### What the task asks
The records that follow are to be transcribed in full, leaving out each picture.

--*--

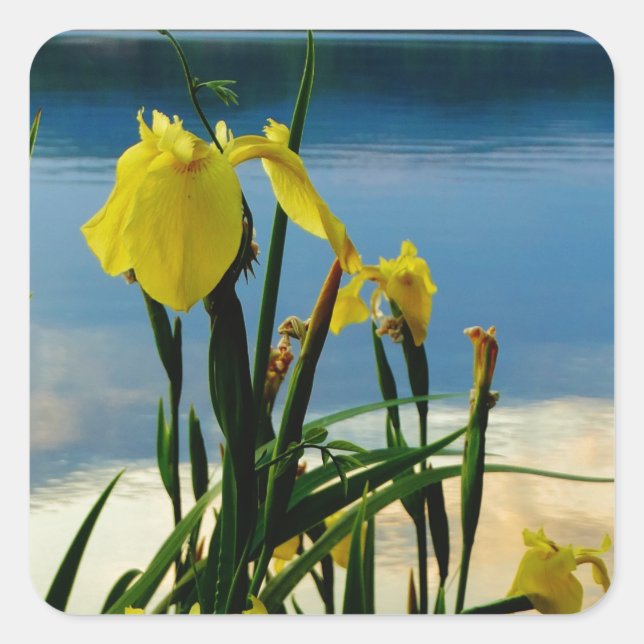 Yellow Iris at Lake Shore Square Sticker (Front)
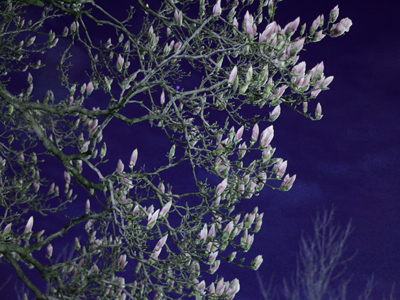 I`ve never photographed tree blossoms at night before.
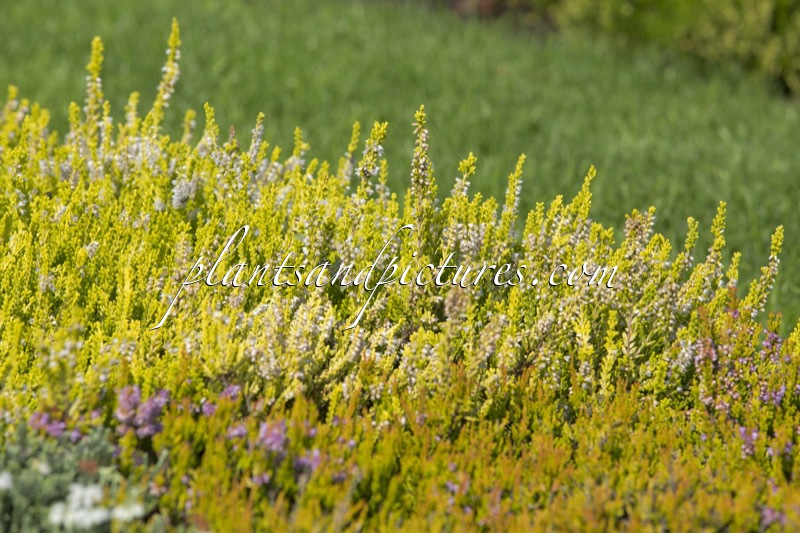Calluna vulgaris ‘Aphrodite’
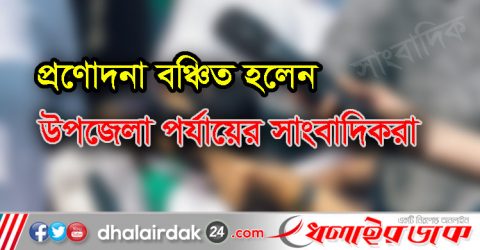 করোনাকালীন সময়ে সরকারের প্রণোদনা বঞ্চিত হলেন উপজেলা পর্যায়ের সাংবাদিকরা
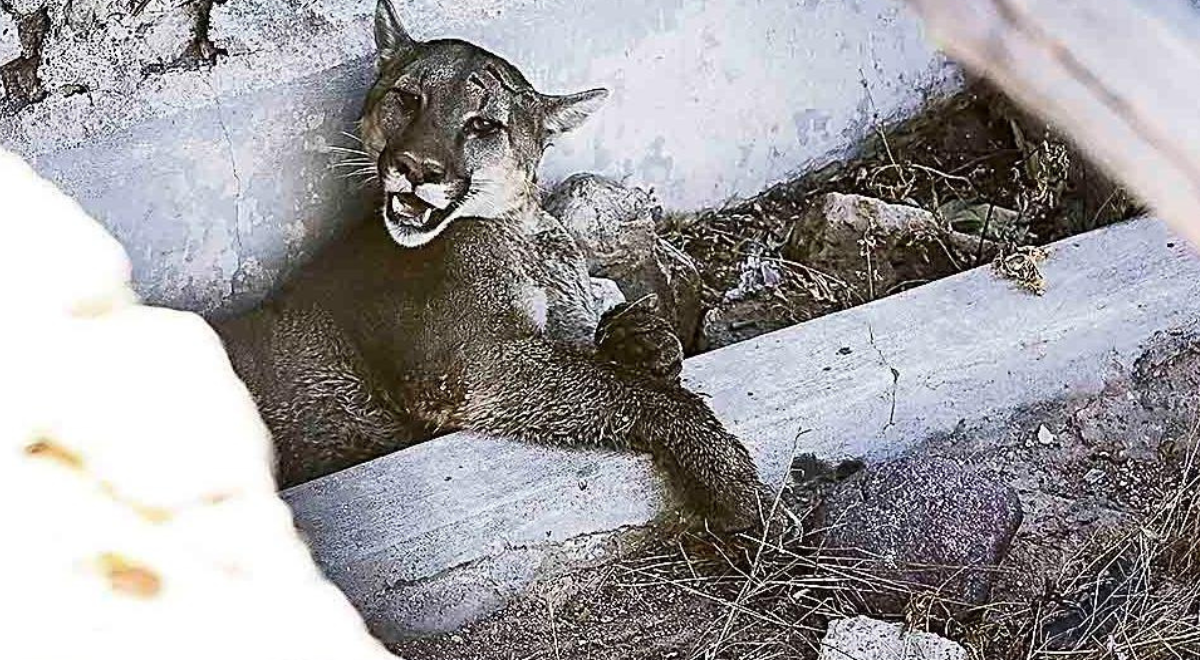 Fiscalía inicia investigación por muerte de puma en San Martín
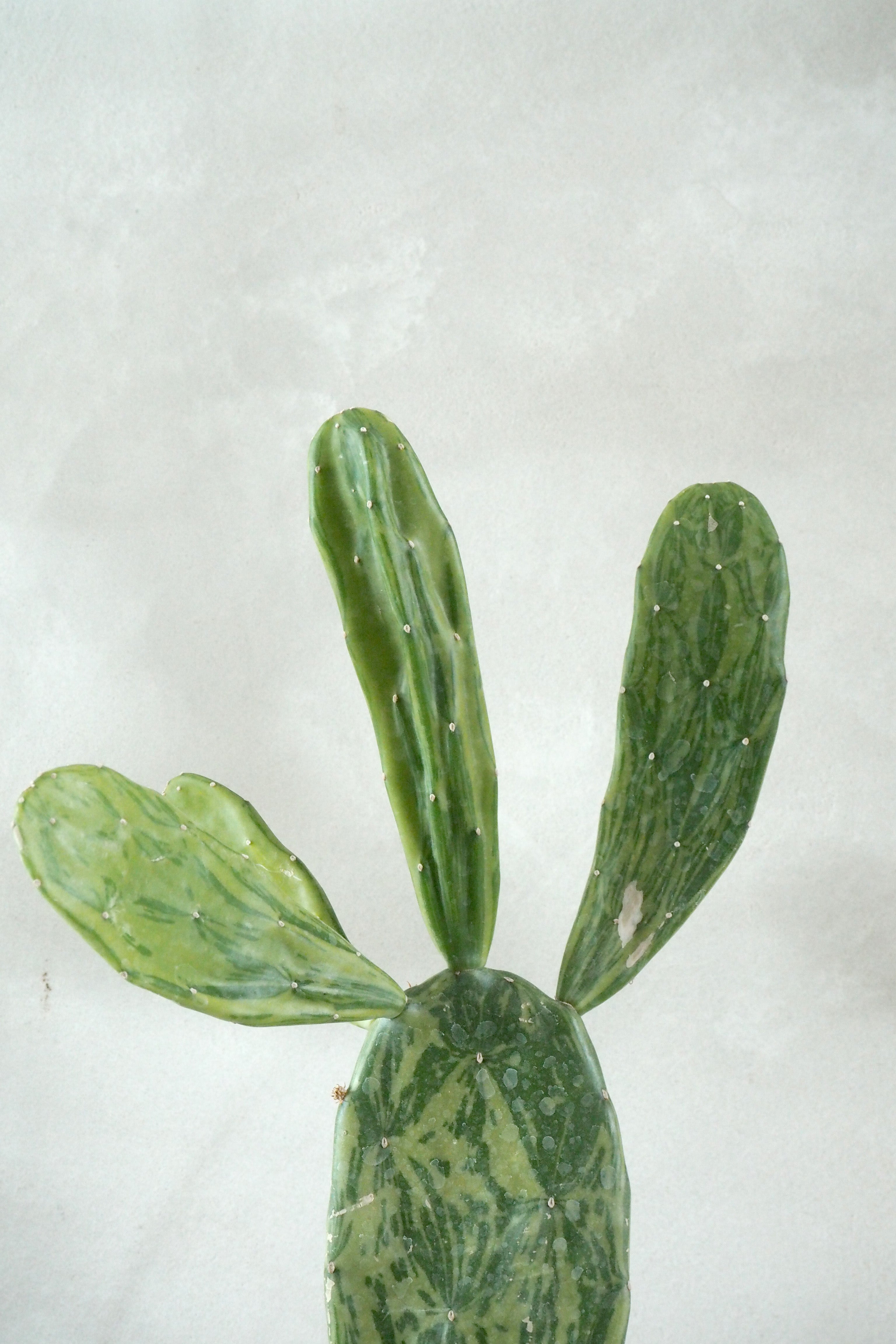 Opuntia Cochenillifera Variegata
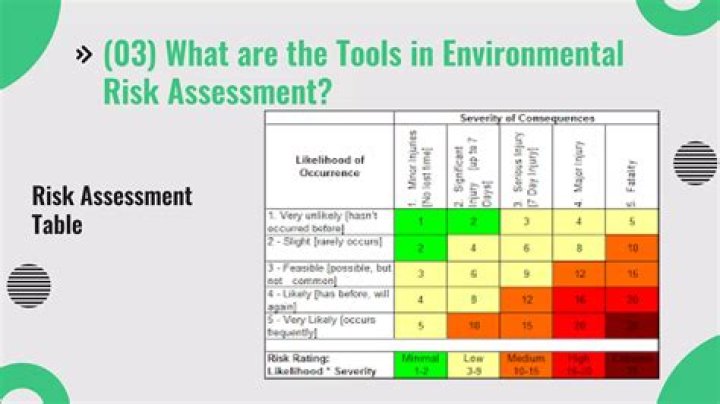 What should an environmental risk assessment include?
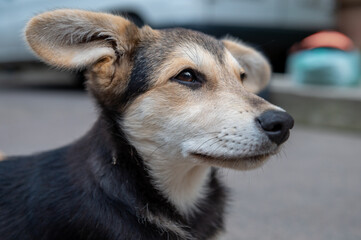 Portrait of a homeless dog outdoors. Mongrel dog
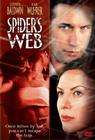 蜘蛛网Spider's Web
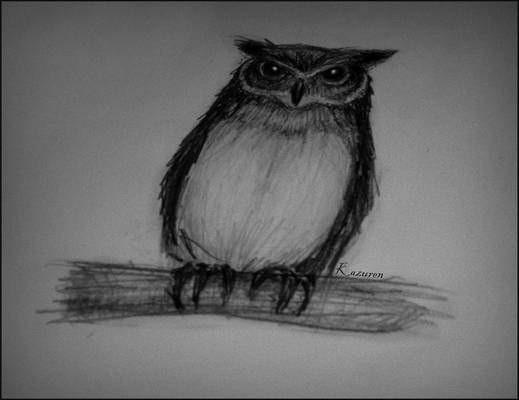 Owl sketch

--*--

### Response area
 Yellow Iris at Lake Shore Square Sticker (Front)
 I`ve never photographed tree blossoms at night before.
Calluna vulgaris ‘Aphrodite’
 করোনাকালীন সময়ে সরকারের প্রণোদনা বঞ্চিত হলেন উপজেলা পর্যায়ের সাংবাদিকরা
 Fiscalía inicia investigación por muerte de puma en San Martín
 Opuntia Cochenillifera Variegata
 What should an environmental risk assessment include?
 Portrait of a homeless dog outdoors. Mongrel dog
 蜘蛛网Spider's Web
 Owl sketch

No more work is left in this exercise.